Un adage djerbien résume l’émotion et le malaise lié : «Dans la houle des vents contraires, barques et pêcheurs rendent l’âme». Les manœuvres politiques ayant avorté la tenue du 18e Sommet de la Francophonie sont crapuleuses et offensantes aux valeurs identitaires du mode de vie djerbien ! Djerba, ce carrefour de civilisations et havre de pluralité ethnoculturelle, est meurtrie par une décision injustifiable et ayant un coût économique incommensurable. Djerba et les Djerbiens ne méritent pas cela. À qui la faute?
Par Moktar Lamari, Ph. D.
Il faut dire que depuis un an, et malgré la sévère pandémie de la Covid-19, Djerba se préparait pour cet événement international, et inlassablement pour honorer sa vocation de tolérance multiconfessionnelle et pour catalyser son potentiel productif, incontournable pour relancer l’économie à l’heure d’une mondialisation, où l’ouverture constitue le mot de passe et la condition sine qua non pour les échanges et les interactions.

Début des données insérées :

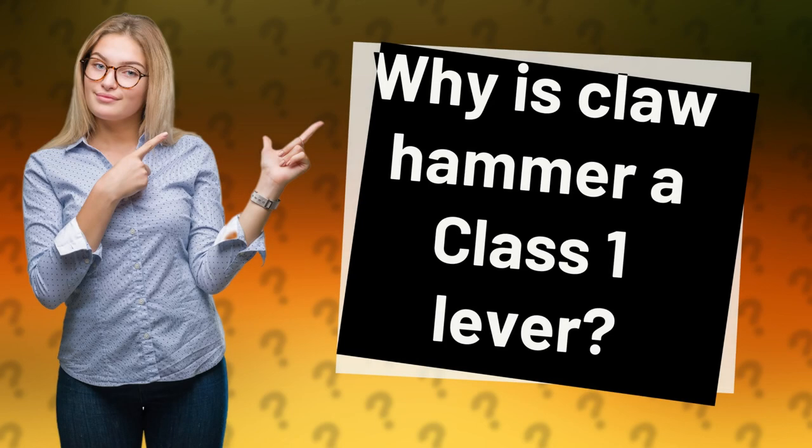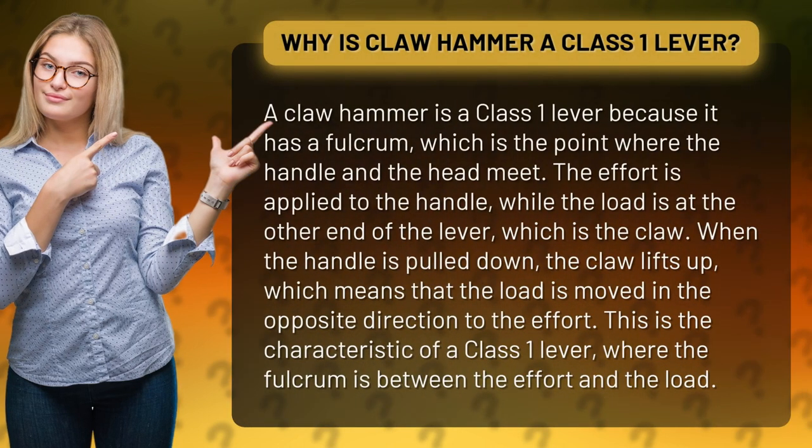Why is a claw hammer a class 1 lever? A claw hammer is a class 1 lever because it has a fulcrum, which is the point where the handle and the head meet. The effort is applied to the handle, while the load is at the other end of the lever, which is the claw.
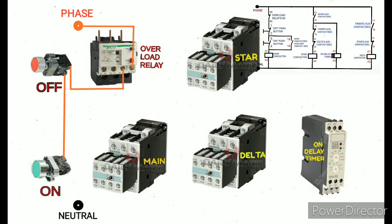From the off push button, the second terminal goes directly to the on push button first terminal, which is terminal number 3. Then I am going to give the main contactor coil supply. Terminal number 3 from the on push button is directly going to the main contactor coil supply. Please follow the control drawing as well.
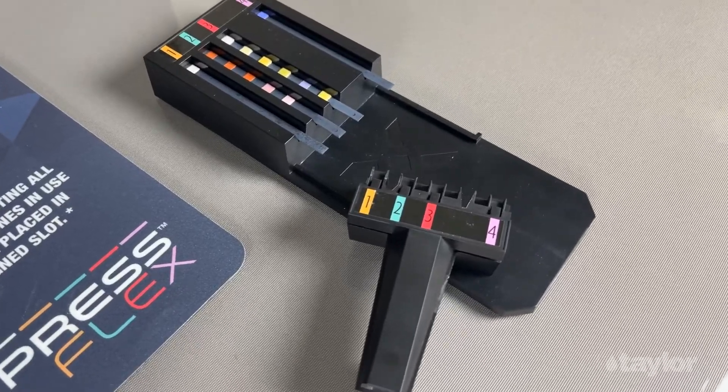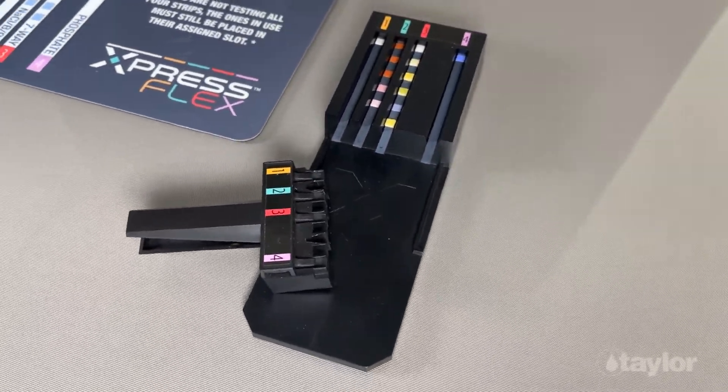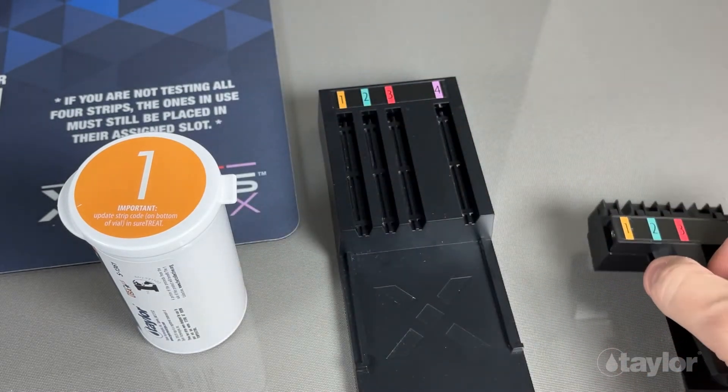The ExpressFlex strip loader makes the process of adding test strips to the strip clip simple, and ensures the test strips are aligned for accuracy when the test is performed. Please follow the matching labels on the strip loader and strip clip.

Une annulation extrêmement coûteuse pour Djerba
Pour le Sommet de la Francophonie, Djerba a sorti ses plus beaux habits, a fait briller ses vitrines et lustré ses «bijoux» mondialement connus. Ses payeurs de taxes ont engagé plusieurs dizaines de millions de dinars, pour bien accueillir et dans les meilleures conditions, ces 20 000 hôtes attendus pour le 18e Sommet de la Francophonie.

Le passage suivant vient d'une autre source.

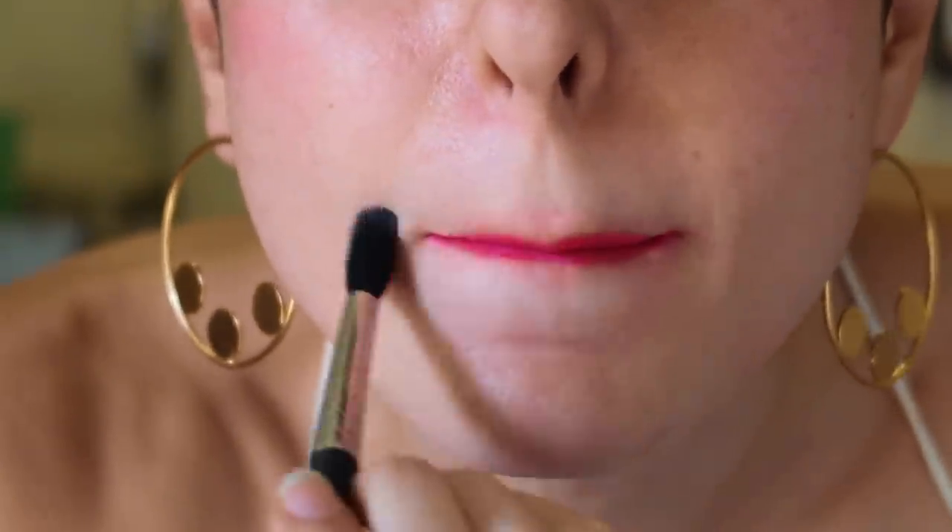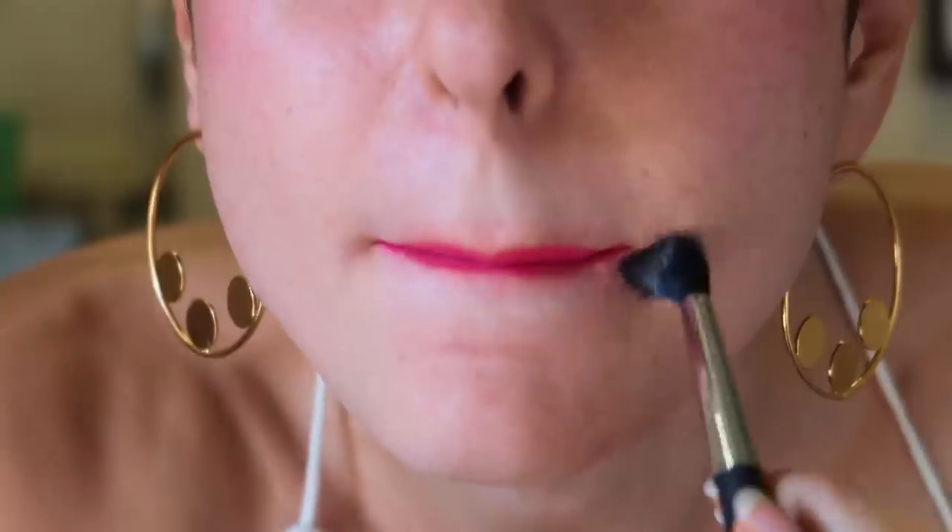The tissue powder hack doesn't really work well with liquid lipstick — and that really bleeds! So what do we do? After applying your lipstick, just take a small brush, take some of your compact and go all around the lip line. This is going to lock all that color in — no bleeding and long-lasting lipstick again!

Toutes confessions confondues, les 300 000 insulaires ont été assommés par la décision d’annulation du Sommet ! Abasourdis, extrêmement déçus par les instances décisionnelles de la Francophonie, et par les connivences politiques tuniso-tunisiennes qui ont appelé ouvertement pour l’annulation du Sommet de la Francophonie.

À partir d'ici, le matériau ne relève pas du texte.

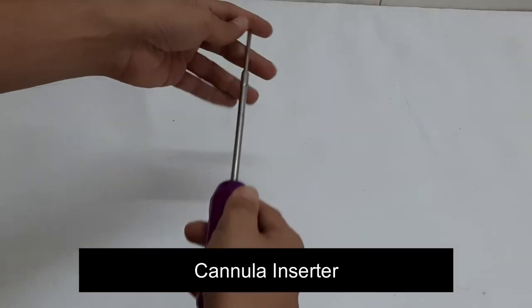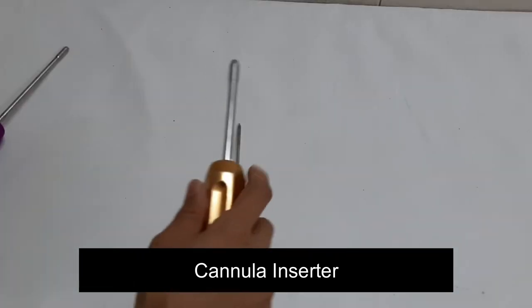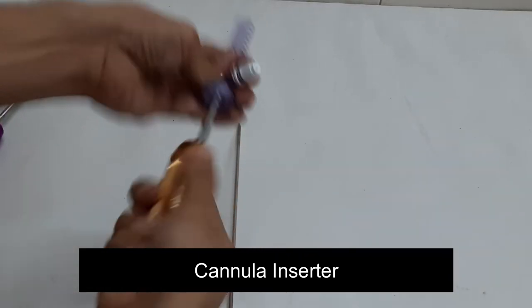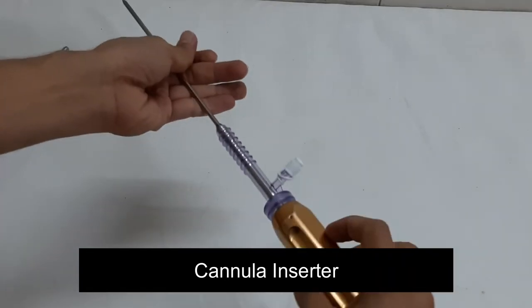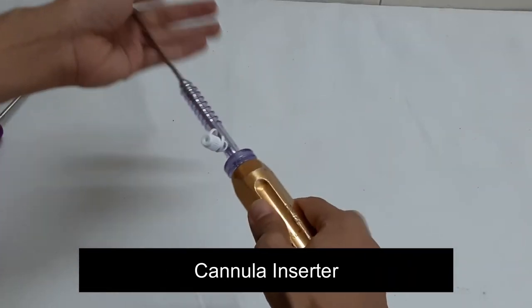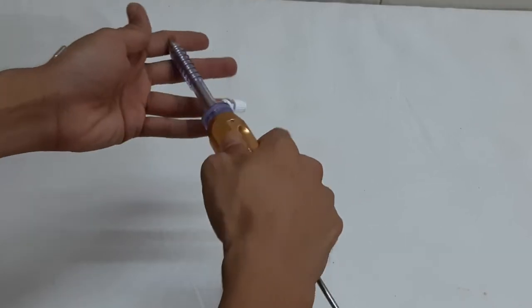This is the cannula inserter. It is used to dilate the portal and comes in various sizes. It fits into the slot of the cannula and is rotated clockwise to push the cannula inside the portal.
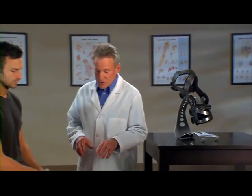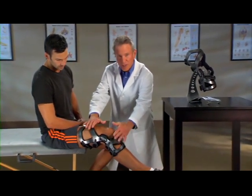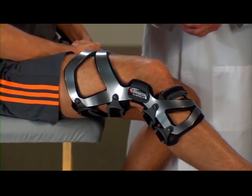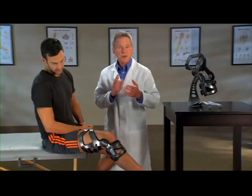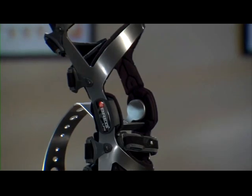Here's why. First, there's the brace frame. You can see how it's contoured to hug the leg — no gapping or pinching. The brace's truss frame, these angles here, provide structural stiffness and strength. The frame is actually made from aerospace aluminum, making it strong yet lightweight.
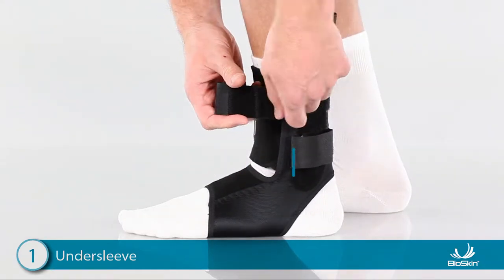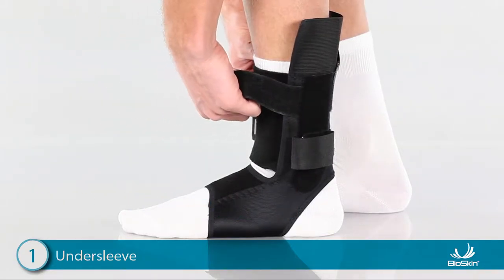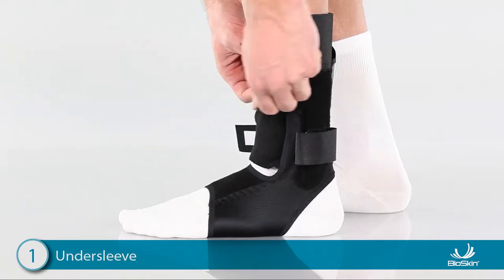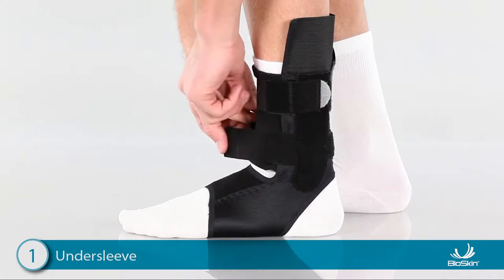To close the undersleeve, position the foot at a 90-degree angle. Then pull the top strap through the D-ring, cinch snug, and attach. It is important that this strap is comfortably tight. Then pull the lower strap around the ankle and attach.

Plus de 100 000 nuitées prévues dans la centaine d’hôtels de l’Île des Lotophages se sont évaporées en un clin d’œil! Cette annulation a occasionné un manque à gagner qui se chiffre en centaines de millions de dinars.
Des estimations préliminaires portent à croire que l’ardoise de cette annulation se chiffre au moins à 2 milliards de dinars en perte sèche. Plusieurs millions d’euros et de dollars ne rentrent pas dans les caisses de la Banque centrale, notamment pour sauver des vies en important des vaccins, des médicaments et des produits de première nécessité… pour la Tunisie entière.
Responsabilités et pots cassés
À Guellala, à Mahboubine, à Sedouikch, et à Arkou, on n’aime pas les casseurs de poterie, de porcelaine et produits d’artisanat faits à la main, avec un amour et avec un savoir-faire qui a traversé l’histoire.
À Aghir, à Houmt Souk, comme dans les deux Haras (El-Hara Sguira et El-Hara Kbira), on ne dilapide pas son argent pour rien, on n’aime pas le gaspillage des ressources rares.
Certes en Tunisie, la valeur de l’argent n’est pas la même pour tous! Mais, ici à Djerba un sou c’est un sou, et on le gère à sa juste valeur ajoutée, à sa valeur marginale, sans perdre de vue ses usages alternatifs! C’est le précepte fondateur de l’économie. Un précepte, à des années-lumière des valeurs vénales des élites politiques ayant gouverné le pays du post-2011.
Trois négligences à incriminer dans cette cacophonie qui a flingué le Sommet de la Francophonie à Djerba!
Les moufettes de l´islamisme radical
L’islam radical a, depuis des mois, appelé de ses vœux le boycottage et l’annulation du Sommet de la Francophonie prévu à Djerba.
Les relais internationaux des partis islamistes ont appelé aussi à l’embargo contre la Tunisie. Ils l’ont fait sur toutes les tribunes internationales, depuis le coup de barre politique opéré le 25 juillet en Tunisie, pour les mettre hors d’état de nuire…, après dix ans de mal-gouvernance et de malversation.
Le forcing politique du 25 juillet a gelé un parlement devenu un refuge à une pègre constituée d’islamistes radicalisés, de trafiquants notoires et de mafieux connus pour leur corruption et leur malversation. Ce forcing a redressé la barre d’une dérive démontrée par tous les indicateurs économiques.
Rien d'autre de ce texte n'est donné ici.